WHAT NEEDS TO BE DONE
Print this span of the material below exactly: the line with "Undisputed Truth - You + Me = Love", the line with "Milo &amp; Ze: A", and every line between them, but nothing else.

TASK MATERIAL

%%

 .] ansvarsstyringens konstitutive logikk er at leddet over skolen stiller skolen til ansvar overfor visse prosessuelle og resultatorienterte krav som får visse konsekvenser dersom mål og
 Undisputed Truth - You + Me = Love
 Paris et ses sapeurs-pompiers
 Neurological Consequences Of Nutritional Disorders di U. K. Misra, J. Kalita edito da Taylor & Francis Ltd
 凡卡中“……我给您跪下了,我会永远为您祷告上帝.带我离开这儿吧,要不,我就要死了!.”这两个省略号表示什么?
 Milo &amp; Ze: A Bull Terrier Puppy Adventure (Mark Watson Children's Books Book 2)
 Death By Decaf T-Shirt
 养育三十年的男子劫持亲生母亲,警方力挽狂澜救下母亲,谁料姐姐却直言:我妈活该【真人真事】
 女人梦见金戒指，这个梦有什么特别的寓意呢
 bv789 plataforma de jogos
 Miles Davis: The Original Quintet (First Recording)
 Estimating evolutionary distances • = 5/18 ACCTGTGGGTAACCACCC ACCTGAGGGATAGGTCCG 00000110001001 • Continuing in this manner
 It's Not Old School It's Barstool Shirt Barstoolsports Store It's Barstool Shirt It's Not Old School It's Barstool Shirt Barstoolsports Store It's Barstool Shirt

%%

WRITTEN RESPONSE
 Undisputed Truth - You + Me = Love
 Paris et ses sapeurs-pompiers
 Neurological Consequences Of Nutritional Disorders di U. K. Misra, J. Kalita edito da Taylor & Francis Ltd
 凡卡中“……我给您跪下了,我会永远为您祷告上帝.带我离开这儿吧,要不,我就要死了!.”这两个省略号表示什么?
 Milo &amp; Ze: A Bull Terrier Puppy Adventure (Mark Watson Children's Books Book 2)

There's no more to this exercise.